Dealers in the scrap industry attached to the Rwanda Scrap Association (RSA) have exported about 1,000 tonnes of ferrous substances over the last three months.
The association’s Executive Secretary, Francis Twahirwa said that this follows a green light from government were two metals (iron and steel) are exempted from the category barred from exportation in the 2009/10 budget.
“Steel and Iron are categorised in B of the proposal and not A, something that was confusing us earlier.
The budgetary proposal didn’t have details of which type of metals was banned. It was until the Ministry of Finance explained to us that we understood and resumed exporting,” he explained.

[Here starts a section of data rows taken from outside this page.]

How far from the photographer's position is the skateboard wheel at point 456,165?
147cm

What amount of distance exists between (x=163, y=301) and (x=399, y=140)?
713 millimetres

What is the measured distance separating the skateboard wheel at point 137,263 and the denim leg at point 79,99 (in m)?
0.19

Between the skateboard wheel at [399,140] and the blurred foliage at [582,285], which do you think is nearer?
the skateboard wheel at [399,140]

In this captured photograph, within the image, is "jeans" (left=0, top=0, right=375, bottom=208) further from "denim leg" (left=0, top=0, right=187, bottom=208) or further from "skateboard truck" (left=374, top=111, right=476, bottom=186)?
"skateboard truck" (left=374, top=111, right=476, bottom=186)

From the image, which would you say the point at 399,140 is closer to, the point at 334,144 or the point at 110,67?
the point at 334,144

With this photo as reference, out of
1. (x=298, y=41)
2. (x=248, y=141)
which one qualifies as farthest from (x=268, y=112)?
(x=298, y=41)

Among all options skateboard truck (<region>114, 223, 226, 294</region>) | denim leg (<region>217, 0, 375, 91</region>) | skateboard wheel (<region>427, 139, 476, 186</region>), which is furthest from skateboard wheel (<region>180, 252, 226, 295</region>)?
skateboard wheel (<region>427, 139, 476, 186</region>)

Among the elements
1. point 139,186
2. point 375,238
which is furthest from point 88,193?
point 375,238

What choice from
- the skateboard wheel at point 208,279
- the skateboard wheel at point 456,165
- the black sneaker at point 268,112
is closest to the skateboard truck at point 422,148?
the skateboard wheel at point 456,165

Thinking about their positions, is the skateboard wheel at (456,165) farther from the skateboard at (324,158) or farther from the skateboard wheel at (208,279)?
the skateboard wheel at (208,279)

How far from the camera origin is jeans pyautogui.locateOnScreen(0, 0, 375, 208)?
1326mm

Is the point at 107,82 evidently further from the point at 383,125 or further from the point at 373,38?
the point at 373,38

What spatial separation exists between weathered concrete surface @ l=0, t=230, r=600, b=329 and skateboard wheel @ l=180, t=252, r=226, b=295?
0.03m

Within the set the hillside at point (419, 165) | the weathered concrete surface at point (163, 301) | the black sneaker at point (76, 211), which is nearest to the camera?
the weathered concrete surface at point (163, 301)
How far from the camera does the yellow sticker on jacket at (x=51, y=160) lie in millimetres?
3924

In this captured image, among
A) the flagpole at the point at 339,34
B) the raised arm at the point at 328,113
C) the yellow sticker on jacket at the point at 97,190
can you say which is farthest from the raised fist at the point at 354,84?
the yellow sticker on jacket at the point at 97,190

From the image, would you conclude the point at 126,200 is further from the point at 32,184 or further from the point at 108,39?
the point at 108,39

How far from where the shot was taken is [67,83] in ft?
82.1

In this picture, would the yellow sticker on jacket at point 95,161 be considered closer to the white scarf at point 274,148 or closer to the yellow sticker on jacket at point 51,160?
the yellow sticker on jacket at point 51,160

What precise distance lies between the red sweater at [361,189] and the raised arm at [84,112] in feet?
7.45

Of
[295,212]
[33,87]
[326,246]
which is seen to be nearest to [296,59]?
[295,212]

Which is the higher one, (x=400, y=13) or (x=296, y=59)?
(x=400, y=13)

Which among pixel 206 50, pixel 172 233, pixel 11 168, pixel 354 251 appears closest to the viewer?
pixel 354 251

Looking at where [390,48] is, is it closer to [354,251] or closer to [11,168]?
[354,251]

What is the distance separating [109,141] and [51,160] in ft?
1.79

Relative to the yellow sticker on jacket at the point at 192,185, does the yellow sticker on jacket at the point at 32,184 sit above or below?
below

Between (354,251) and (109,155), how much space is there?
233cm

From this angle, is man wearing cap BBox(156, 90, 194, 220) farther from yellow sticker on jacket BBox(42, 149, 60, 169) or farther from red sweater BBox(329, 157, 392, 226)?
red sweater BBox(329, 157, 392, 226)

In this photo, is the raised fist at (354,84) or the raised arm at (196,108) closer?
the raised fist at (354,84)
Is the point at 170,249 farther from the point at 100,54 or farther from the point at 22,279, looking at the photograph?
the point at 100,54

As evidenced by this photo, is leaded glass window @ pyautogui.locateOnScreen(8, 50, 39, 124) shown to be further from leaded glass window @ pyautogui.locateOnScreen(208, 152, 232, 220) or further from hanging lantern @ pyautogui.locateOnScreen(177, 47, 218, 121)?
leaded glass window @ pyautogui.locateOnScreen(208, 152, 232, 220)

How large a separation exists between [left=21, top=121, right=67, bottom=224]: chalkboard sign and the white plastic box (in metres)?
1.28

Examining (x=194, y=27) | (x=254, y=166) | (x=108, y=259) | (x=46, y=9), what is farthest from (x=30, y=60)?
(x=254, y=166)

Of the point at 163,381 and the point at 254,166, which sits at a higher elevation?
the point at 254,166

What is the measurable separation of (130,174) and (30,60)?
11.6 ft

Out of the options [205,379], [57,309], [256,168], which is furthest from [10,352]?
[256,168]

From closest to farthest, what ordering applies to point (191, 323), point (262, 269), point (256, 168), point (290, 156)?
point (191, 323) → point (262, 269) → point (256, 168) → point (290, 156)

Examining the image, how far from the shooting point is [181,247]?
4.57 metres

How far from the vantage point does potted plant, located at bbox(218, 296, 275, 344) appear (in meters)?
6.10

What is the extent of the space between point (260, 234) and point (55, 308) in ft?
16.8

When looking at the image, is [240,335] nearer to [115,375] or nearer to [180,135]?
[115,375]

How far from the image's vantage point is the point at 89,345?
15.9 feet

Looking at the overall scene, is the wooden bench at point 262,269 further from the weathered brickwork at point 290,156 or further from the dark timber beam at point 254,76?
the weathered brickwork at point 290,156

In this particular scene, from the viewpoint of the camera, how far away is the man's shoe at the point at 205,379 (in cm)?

Rwanda’s budget read under the East African Community (EAC) calendar, announced a proposal stipulating a ban on the exportation of metallic scrap.
The Minister of Finance, James Musoni explained that this was aimed to halt wreckage and prevent uprooting of certain infrastructure like electrical cables across the region.
The ban that came into force on July 1st looked to be the end of business that generates about Rwf4 million per year for each on average of the associations’ 48 members.
RSA, formed in April, 2007 deals in ferrous and non-ferrous substances. Ferrous substances included iron, steel and the non-ferrous included Aluminium, Bronze and Cooper which was abandoned two years ago because the government forced them to do so.
The association exports the materials to neighbouring countries for the manufacturing of iron-bars, pips and iron-sheets. Twahirwa said that Uganda is their main market for iron and steel.
The ban was agreed and adopted by all EAC states as a measure to remedy any adverse effects of the establishment of the EAC common external tariff structure.
This raised tension amongst dealers across the region.
Dealers in Uganda and Kenya called on their respective governments to reconsider the decision.